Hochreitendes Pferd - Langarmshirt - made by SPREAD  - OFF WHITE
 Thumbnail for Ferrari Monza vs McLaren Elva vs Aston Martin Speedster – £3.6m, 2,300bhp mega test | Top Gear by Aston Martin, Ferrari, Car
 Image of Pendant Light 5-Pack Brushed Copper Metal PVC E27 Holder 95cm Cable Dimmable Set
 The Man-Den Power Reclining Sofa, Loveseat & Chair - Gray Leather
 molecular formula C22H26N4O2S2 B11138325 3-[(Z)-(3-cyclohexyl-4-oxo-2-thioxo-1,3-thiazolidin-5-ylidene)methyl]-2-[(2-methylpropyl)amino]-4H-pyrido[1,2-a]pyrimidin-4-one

++++++++++++++++++++

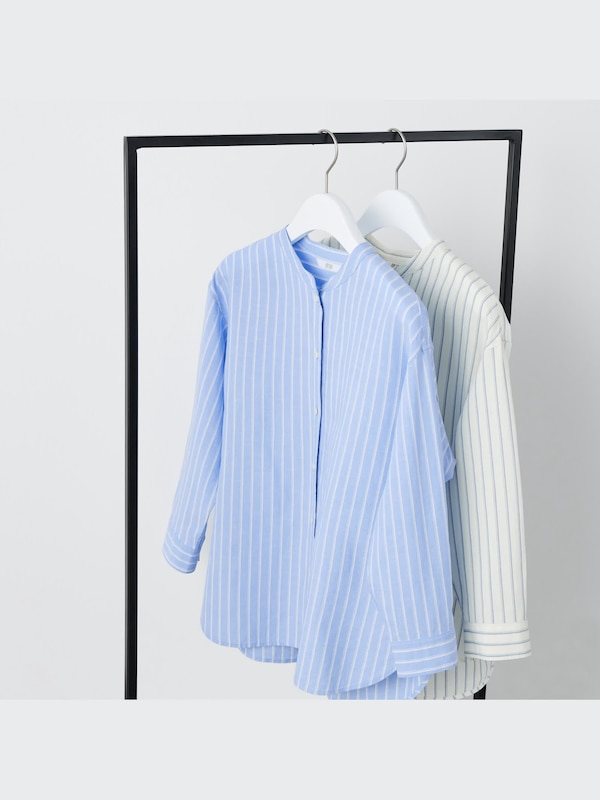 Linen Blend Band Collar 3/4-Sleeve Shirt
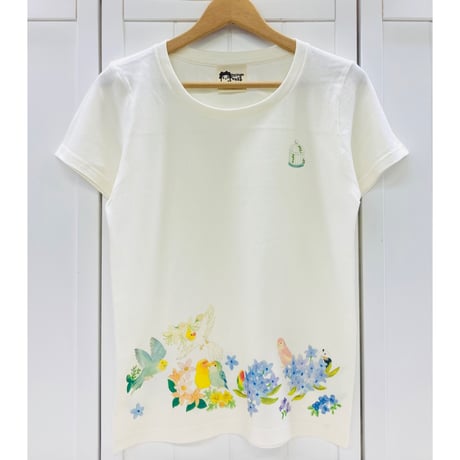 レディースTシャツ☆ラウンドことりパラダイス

++++++++++++++++++++

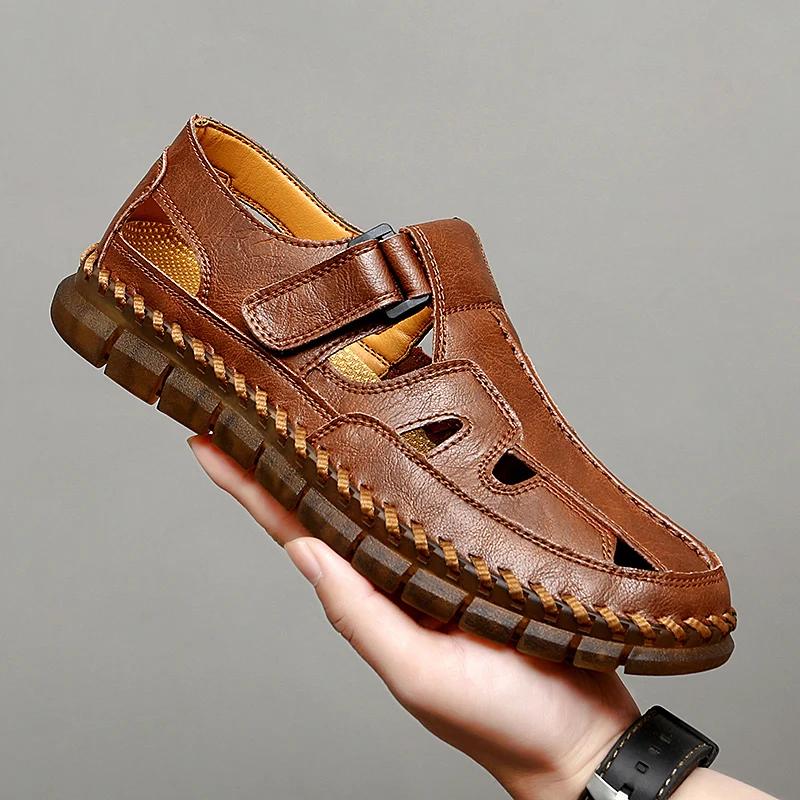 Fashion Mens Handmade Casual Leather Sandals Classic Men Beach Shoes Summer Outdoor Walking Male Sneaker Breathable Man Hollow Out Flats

++++++++++++++++++++

# WORK INSTRUCTIONS
There is a line with "Hochreitendes Pferd - Langarmshirt" and a line with "Image of Pendant" above. Copy exactly those two lines and all lines between them, with nothing else.

# WRITTEN SOLUTION
Hochreitendes Pferd - Langarmshirt - made by SPREAD  - OFF WHITE
 Thumbnail for Ferrari Monza vs McLaren Elva vs Aston Martin Speedster – £3.6m, 2,300bhp mega test | Top Gear by Aston Martin, Ferrari, Car
 Image of Pendant Light 5-Pack Brushed Copper Metal PVC E27 Holder 95cm Cable Dimmable Set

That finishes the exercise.